(Image-caption web data)
════════════════════

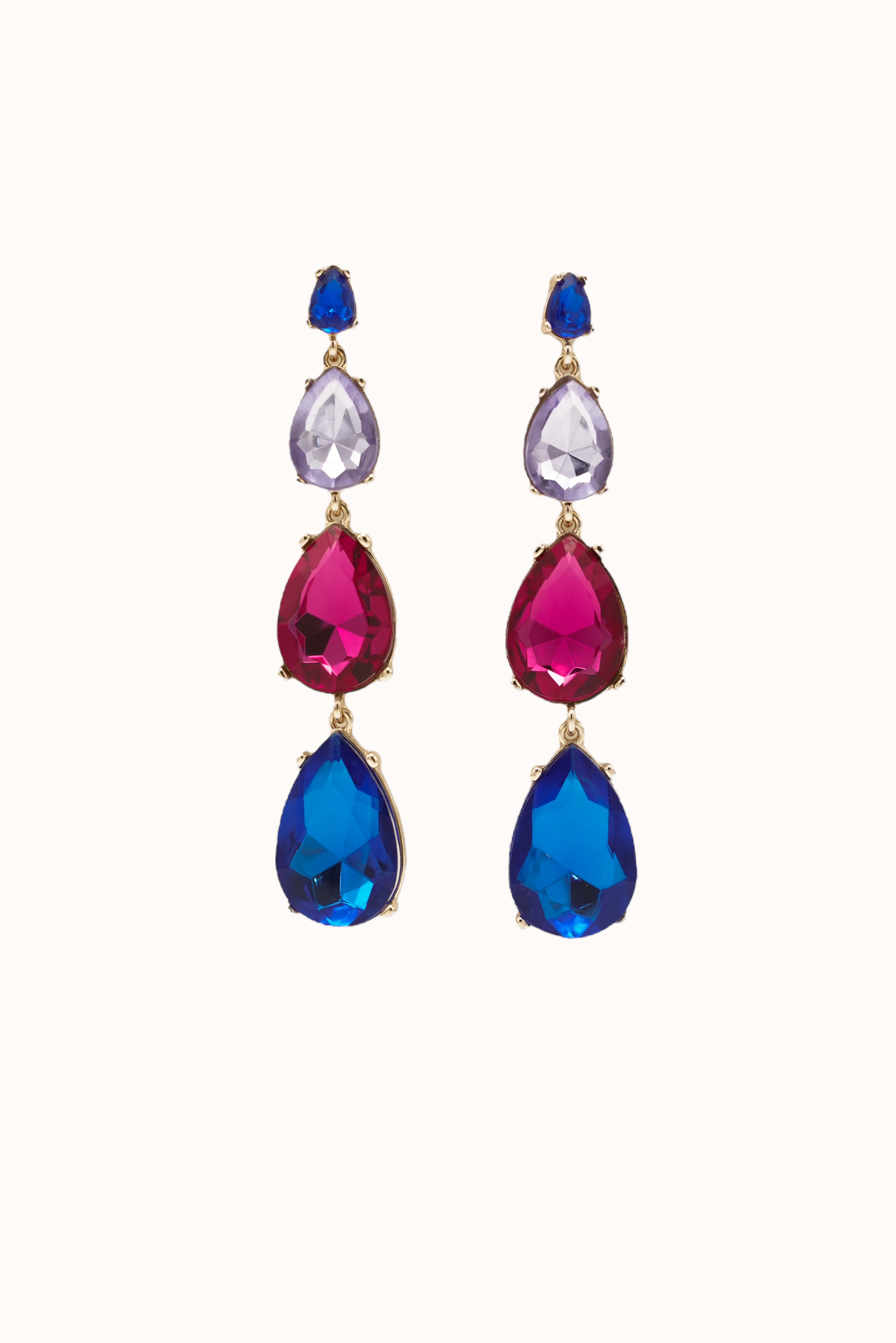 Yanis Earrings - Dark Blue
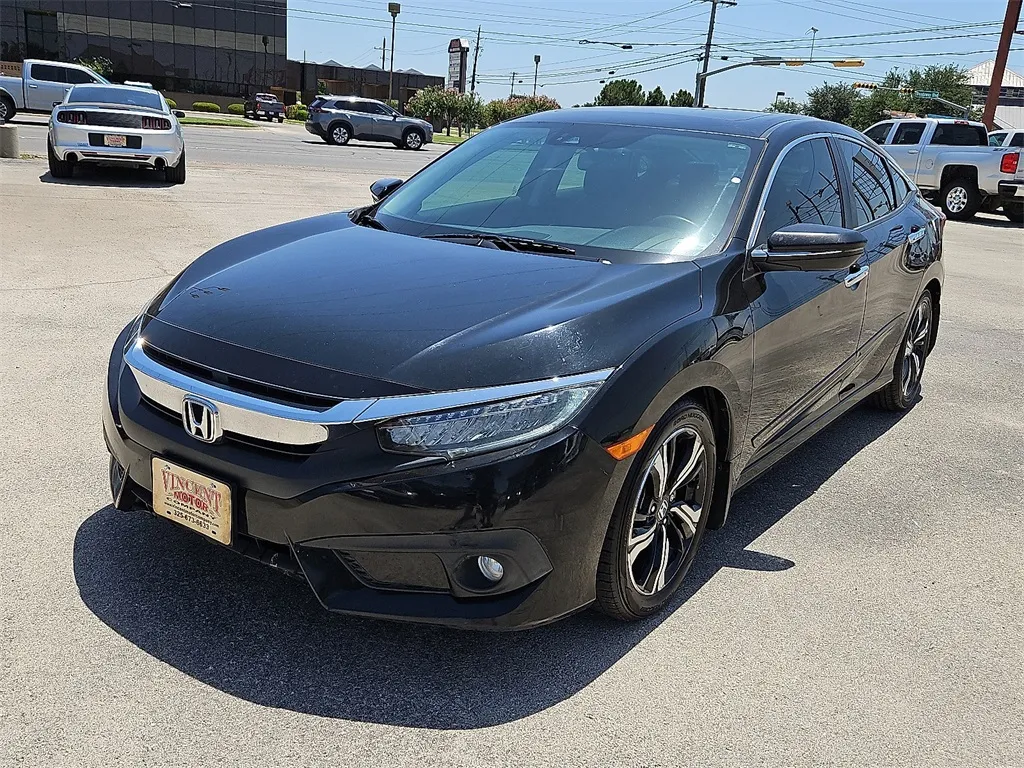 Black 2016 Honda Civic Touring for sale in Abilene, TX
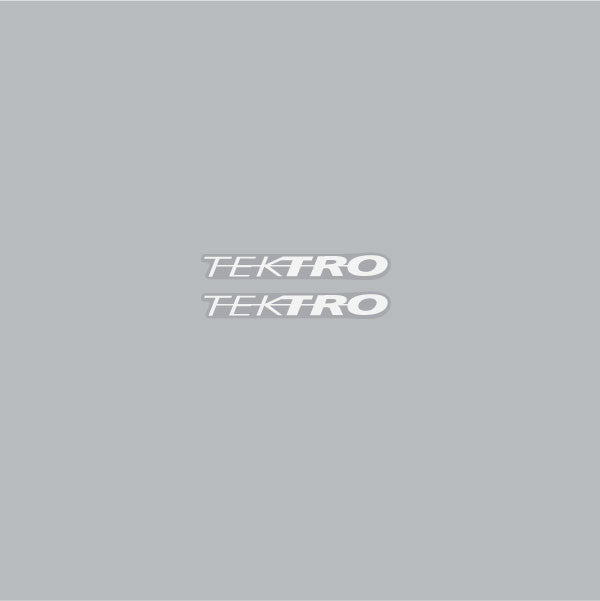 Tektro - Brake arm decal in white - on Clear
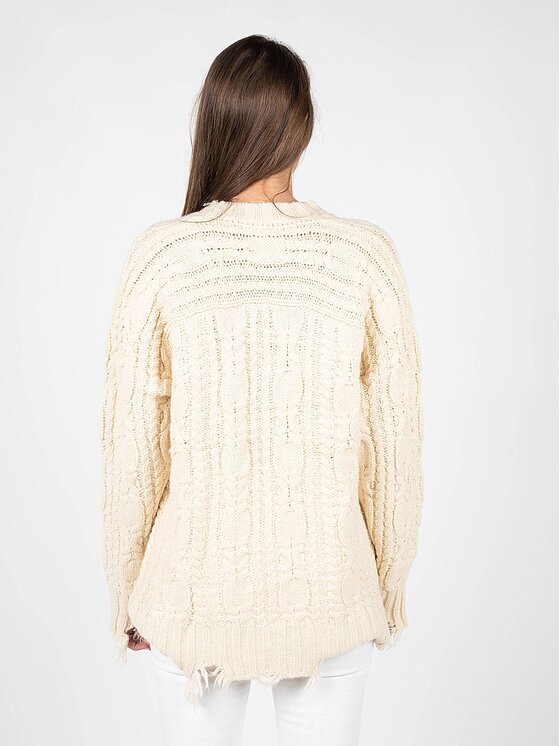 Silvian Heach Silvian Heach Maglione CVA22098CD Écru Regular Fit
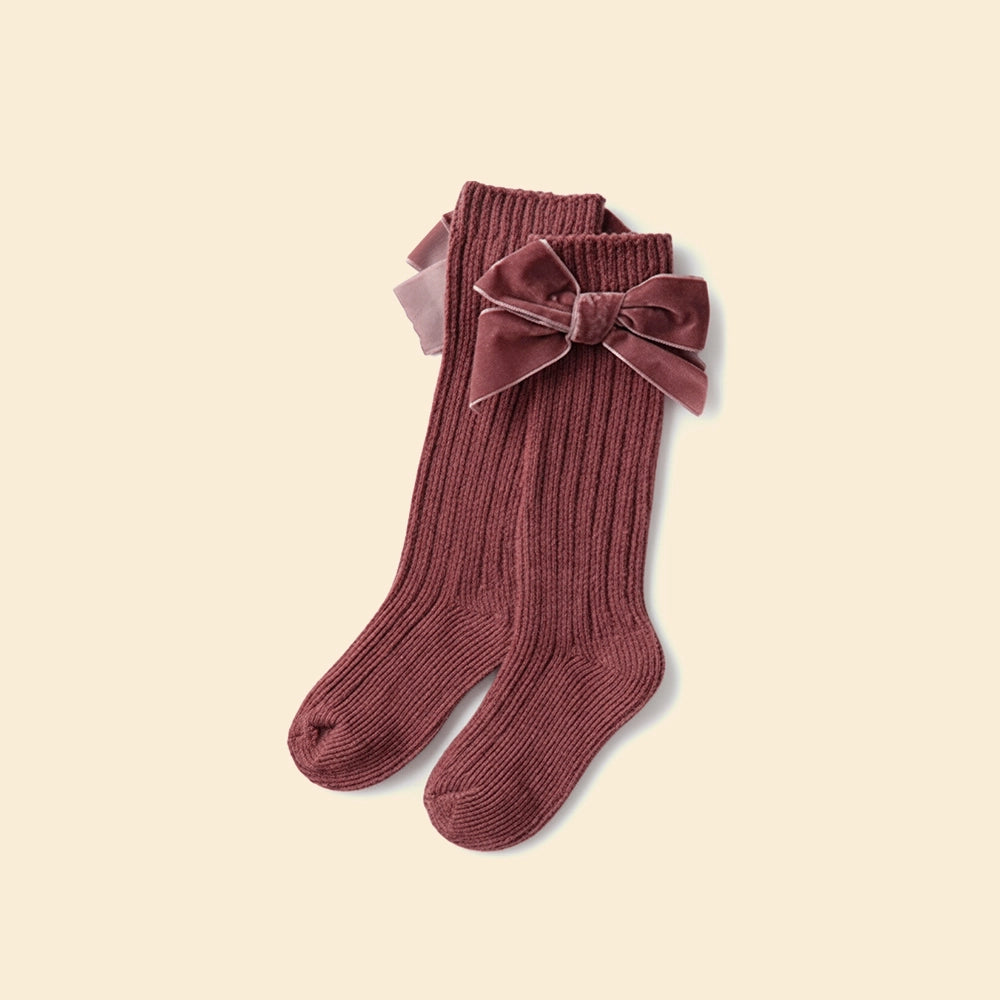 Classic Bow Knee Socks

════════════════════

Requirement: All the records need to be repeated exactly, with the images dropped.

Task response:
 Yanis Earrings - Dark Blue
 Black 2016 Honda Civic Touring for sale in Abilene, TX
 Tektro - Brake arm decal in white - on Clear
 Silvian Heach Silvian Heach Maglione CVA22098CD Écru Regular Fit
 Classic Bow Knee Socks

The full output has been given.